Nous nous approchons des quatre chaudières situées au pied de la cheminée. Un morceau d’alambic est adossé contre un des murs qui n’est pas encore pris d’assaut par les racines d’arbres. Incroyable comme la nature reprend vite ses droits : certains pans au fond sont complètement habillés de branches et de racines.
La canne était déchargée des charrettes- bœufs en amont de la cheminée, puis était broyée dans un bâtiment où traînent encore des pièces volumineuses rouillées dont mon guide ne connaît pas encore la destination.
Il faut espérer que la municipalité saura leur trouver une place. Toutes les boiseries ont disparu des lieux. Deux morceaux d’origine, en bois de fer, ont été récupérés pour réaliser les linteaux du bâtiment restauré en contrebas. Les bois neufs sont entamarin.
C’est là qu’on stockait les sacs de sucre (de 84 kilos). Des restes de fosses à mélasse se découpent dans l’herbe. On remarque aussi sur ce site des canaux creusés pour acheminer l’eau (l’eau du Canal Mourouvin provenait de la Rivière de l’Est). D’ailleurs l’usine a fonctionné grâce au bois, à l’énergie hydraulique, puis à l’électricité. Des centrifugeuses ont été réhabilitées par le Cham.
Toutes les pierres entassées à la périphérie des constructions (environ 100 tonnes) ont été trouvées dans cet espace qui sera restauré prochainement.
M. Pierrard a aussi attiré mon attention, dans un espace qui devait être la cour, (zone de déchargement des cannes) sur la « calade » c’est-à-dire les surfaces pavées de gros galets de basalte, blocs qui ont été posés sur des arêtes pour assurer davantage de stabilité au terrain. Ce procédé pose problème sur des sites destinés à accueillir un public dont des gens à mobilité réduite, raison pour laquelle on ne réitère pas ce type de pavage. ( on en met toujours en oeuvre mais en adaptant aux contraintes des normes d'accessibilité handicapés)Je lui souffle qu’on pourrait prévoir des passages en bois…
Il me raconte aussi qu’un « gramoun » de Ste Rose, M. Bataille, revient régulièrement sur les lieux où il a travaillé autrefois pour lui parler de son vécu. Des témoignages qu’il conviendrait d’enregistrer et d’écrire avant que cette « bibliothèque vivante » ne disparaisse.

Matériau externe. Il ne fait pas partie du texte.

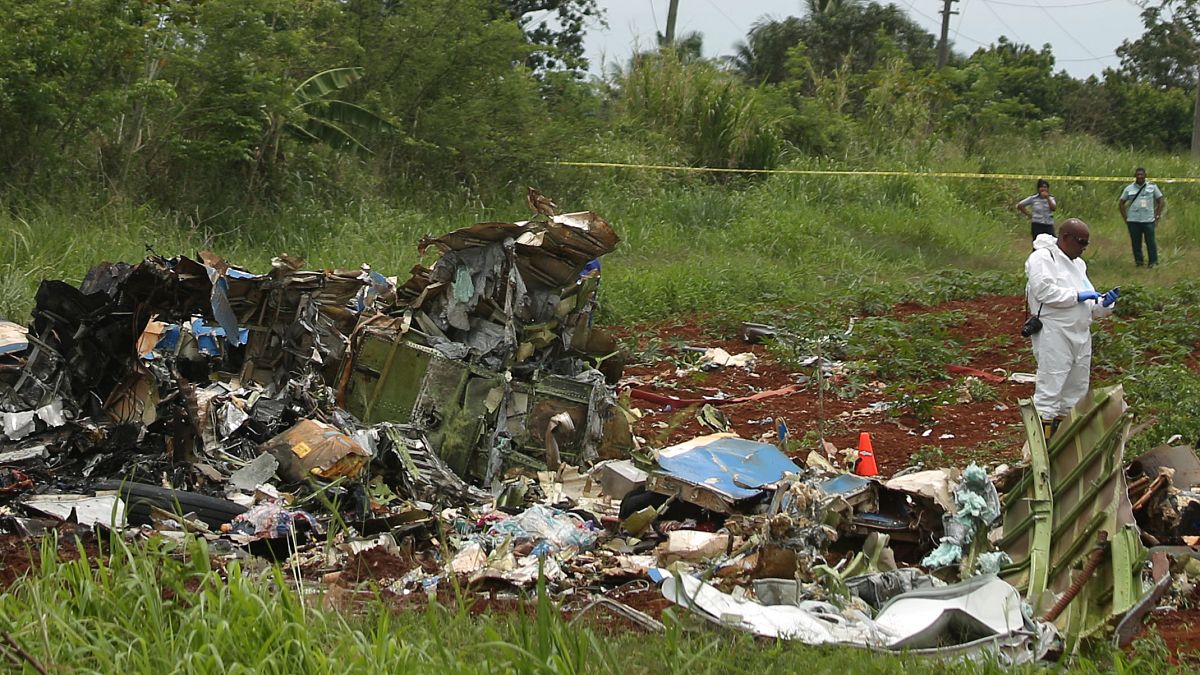 The wreckage of a Boeing 737 plane that crashed near Havana, Cuba.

Mais Emilien avoue qu’il ne peut pas se disperser, il a déjà fort à faire dans le suivi de ce chantier qu’il anime d’ailleurs avec professionnalisme : ses hommes respectent les règles de sécurité, mettent les masques quand ils tronçonnent, ont tous le casque et les chaussures de sécurité, travaillent dans le calme et ont envie d’apprendre.